São Paulo, Segunda-feira, 12 de Julho de 1999
Texto Anterior | Próximo Texto | Índice

ENTREVISTA DA 2ª
"Não é a arma que mata, é a pessoa", afirma dono da empresa Taurus

DAVID FRIEDLANDER
da Reportagem Local

Depois de Carmen Miranda, a brasileira com mais aparições nos filmes de Hollywood talvez seja a pistola da Taurus, uma das três maiores indústrias de armas leves do mundo, com sede no Rio Grande do Sul.
Os produtos da empresa já fizeram várias pontas, algumas nas mãos de gente famosa, como John Travolta e Nicolas Cage, em "A Outra Face", e Sylvester Stallone e Sharon Stone, em "O Especialista".
Em parte, isso ocorre porque a Taurus quase nunca cobra para emprestar suas armas aos estúdios de cinema. Também conta o fato de a Taurus ter boa reputação entre os norte-americanos que compram armas: é a segunda marca de revólver mais vendida nos Estados Unidos, atrás apenas da Smith & Wesson. No ranking da venda de pistolas, a Taurus está em quinto lugar.
A empresa faturou US$ 108,5 milhões no ano passado e exporta 60% de sua produção para 85 países. A maior parte vai para os Estados Unidos, seu maior mercado depois do Brasil.
O presidente da empresa, Carlos Alberto Murgel, 61, acha que é possível crescer no mercado externo, apostando em dois produtos desenvolvidos nos últimos anos: armas com trava de segurança fechadas a chave, lançadas há um ano e meio, e revólveres e pistolas feitos de titânio -mais leves e resistentes à corrosão do que o produto tradicional.
O problema da Taurus e da indústria de armas como um todo é que a pressão contra os fabricantes está crescendo em boa parte do mundo. No Brasil, o governo quer que o Congresso aprove um projeto proibindo o comércio de armas. Nos Estados Unidos, os fabricantes de armas, entre eles a Taurus, estão sendo processados por prefeituras de vários Estados.
"O ataque às armas é uma forma que os políticos encontraram de aparecer na mídia", diz Murgel. A seguir, a entrevista com o presidente da Taurus:

Folha - O cerco contra a indústria de armas está cada vez mais agressivo. Não incomoda ser presidente de uma empresa que faz um produto considerado politicamente incorreto?
Carlos Alberto Murgel -
Essa história de politicamente incorreto é demagogia das ONGs (organizações não-governamentais) e de alguns governos. O revólver que nós fabricamos é o segundo mais vendido nos Estados Unidos. Portanto tenho muito orgulho do que faço. Agora, é claro que o ideal seria que as armas nunca fossem usadas para qualquer outra finalidade que não fosse o esporte.

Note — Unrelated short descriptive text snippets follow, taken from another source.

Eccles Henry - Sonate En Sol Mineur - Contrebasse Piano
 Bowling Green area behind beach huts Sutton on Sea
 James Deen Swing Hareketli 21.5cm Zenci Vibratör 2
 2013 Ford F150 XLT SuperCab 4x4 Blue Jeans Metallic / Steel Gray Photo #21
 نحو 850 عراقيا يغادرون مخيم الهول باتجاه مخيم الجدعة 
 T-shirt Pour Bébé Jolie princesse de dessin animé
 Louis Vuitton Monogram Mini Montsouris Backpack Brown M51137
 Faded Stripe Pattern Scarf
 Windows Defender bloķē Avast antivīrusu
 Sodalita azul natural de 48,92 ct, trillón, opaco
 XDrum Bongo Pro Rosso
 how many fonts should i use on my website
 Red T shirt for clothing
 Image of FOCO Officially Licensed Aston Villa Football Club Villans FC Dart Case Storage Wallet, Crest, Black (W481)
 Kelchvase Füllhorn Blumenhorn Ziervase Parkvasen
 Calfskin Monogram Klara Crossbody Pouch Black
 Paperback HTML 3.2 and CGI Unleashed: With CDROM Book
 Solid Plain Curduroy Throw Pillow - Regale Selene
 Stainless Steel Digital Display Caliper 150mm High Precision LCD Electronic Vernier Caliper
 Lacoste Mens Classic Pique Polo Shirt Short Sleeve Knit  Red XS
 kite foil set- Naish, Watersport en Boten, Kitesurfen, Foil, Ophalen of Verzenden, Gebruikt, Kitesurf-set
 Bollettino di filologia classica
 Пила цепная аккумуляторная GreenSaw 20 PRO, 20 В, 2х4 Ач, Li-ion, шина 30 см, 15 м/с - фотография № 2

Folha - Só que armas não são usadas apenas no tiro ao alvo.
Murgel -
Mas também não é o revólver, a faca ou o porrete que comete assassinato, que mata, que agride. São as pessoas que fazem isso. O avião serve para transportar passageiros. Coloque bombas dentro dele e o mesmo avião vai servir para destruir em massa. O mesmo pode ser dito sobre o automóvel. O número de mortes no trânsito é assustador, muito maior do que o de mortes causadas por armas de fogo. No entanto seria um absurdo parar de fabricar carros para evitar mortes no trânsito.

Folha - Há uma diferença. O carro é feito para transportar e a arma...
Murgel -
E a arma existe para dissuadir. Mais uma vez, não é a arma que mata, é a pessoa que faz isso. Enquanto isso não ficar claro, haverá gente propondo atitudes simplistas e demagógicas como esse projeto do governo. O ataque às armas é uma forma que os políticos encontraram para aparecer na mídia.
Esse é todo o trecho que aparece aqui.